The problem
Scan the entries below, and for each line that includes the word "Avenue", make a copy.

Scraped caption text data:
= Beginning of Section =

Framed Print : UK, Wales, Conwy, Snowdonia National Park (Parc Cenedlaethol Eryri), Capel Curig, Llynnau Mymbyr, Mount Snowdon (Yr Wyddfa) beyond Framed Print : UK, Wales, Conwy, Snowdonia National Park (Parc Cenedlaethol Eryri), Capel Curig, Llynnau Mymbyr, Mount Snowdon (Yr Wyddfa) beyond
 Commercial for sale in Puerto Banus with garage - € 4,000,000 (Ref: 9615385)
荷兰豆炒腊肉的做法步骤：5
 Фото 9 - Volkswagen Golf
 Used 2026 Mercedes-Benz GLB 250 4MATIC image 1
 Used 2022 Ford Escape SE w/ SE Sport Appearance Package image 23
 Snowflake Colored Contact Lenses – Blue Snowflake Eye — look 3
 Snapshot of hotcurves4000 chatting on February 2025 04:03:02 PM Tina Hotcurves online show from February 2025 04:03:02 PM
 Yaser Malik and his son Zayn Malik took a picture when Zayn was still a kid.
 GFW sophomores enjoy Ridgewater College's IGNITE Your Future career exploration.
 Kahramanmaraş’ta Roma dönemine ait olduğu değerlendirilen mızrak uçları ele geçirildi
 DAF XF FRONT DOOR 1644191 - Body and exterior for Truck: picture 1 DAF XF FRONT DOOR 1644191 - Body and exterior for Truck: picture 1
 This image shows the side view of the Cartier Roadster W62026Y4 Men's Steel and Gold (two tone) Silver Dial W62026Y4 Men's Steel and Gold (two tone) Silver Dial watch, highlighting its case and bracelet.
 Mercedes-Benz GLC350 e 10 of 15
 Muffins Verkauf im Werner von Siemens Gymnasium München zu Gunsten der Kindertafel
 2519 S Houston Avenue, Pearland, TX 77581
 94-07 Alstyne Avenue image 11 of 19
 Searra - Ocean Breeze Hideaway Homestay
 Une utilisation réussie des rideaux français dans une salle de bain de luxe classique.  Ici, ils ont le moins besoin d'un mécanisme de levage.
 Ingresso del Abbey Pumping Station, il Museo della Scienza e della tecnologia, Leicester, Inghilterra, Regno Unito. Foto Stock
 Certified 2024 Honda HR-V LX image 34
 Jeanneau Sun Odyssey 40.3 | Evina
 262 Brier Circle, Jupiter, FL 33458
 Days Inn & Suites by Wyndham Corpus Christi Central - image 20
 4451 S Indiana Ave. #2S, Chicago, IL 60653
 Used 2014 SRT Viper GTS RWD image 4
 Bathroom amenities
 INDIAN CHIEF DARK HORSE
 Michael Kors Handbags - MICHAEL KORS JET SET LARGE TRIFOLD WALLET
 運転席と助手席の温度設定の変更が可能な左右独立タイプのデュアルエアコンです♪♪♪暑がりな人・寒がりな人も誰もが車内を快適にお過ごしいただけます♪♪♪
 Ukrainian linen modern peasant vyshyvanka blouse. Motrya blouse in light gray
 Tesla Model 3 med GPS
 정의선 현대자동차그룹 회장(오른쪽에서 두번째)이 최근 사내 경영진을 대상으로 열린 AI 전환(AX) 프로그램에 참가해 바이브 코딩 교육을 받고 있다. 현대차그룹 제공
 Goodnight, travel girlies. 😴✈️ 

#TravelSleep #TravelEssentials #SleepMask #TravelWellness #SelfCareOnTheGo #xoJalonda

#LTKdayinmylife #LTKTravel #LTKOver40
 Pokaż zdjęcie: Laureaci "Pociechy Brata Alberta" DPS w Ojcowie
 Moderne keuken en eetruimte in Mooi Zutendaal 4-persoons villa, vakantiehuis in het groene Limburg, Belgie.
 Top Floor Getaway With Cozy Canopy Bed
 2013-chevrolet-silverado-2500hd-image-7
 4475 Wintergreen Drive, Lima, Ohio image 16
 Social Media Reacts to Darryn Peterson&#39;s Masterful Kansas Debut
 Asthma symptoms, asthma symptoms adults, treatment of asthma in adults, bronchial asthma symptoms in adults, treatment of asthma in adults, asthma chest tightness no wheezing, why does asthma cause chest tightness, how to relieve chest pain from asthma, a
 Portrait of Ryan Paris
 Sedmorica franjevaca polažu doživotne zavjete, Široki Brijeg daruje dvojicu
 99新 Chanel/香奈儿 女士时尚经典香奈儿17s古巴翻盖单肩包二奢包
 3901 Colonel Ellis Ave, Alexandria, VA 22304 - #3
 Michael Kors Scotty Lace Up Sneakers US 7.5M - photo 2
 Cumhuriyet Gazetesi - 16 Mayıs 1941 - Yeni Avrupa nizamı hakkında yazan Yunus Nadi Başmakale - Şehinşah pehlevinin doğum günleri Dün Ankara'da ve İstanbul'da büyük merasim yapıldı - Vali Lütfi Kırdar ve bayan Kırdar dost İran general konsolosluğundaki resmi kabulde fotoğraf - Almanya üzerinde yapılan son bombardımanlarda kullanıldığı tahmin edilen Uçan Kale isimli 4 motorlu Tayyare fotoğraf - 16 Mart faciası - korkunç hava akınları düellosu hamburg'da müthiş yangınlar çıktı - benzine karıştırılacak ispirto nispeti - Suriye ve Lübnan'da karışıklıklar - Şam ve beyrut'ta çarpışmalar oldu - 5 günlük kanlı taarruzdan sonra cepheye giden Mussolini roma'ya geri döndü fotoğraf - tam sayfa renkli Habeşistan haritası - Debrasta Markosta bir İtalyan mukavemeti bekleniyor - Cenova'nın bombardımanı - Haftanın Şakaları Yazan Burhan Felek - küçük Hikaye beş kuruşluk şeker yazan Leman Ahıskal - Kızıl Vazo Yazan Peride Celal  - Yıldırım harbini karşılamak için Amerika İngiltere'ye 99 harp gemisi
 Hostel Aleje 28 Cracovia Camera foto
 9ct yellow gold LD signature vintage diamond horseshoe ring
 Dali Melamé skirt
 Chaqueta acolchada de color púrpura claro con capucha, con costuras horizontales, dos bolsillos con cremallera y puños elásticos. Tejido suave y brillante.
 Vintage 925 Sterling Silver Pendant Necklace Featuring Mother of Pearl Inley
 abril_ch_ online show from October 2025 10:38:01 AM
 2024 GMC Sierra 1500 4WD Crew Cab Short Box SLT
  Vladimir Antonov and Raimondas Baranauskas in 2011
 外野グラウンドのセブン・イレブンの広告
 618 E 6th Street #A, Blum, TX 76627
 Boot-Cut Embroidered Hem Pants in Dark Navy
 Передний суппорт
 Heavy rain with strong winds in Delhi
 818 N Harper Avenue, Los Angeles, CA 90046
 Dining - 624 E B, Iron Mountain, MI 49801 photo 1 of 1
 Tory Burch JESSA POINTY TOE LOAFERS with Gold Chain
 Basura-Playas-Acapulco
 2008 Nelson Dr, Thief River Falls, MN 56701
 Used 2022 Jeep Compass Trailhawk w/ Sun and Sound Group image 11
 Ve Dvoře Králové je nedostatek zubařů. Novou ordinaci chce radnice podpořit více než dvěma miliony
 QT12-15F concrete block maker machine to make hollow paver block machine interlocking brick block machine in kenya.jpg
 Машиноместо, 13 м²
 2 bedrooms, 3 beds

= End of Section =

Response
 2519 S Houston Avenue, Pearland, TX 77581
 94-07 Alstyne Avenue image 11 of 19
 818 N Harper Avenue, Los Angeles, CA 90046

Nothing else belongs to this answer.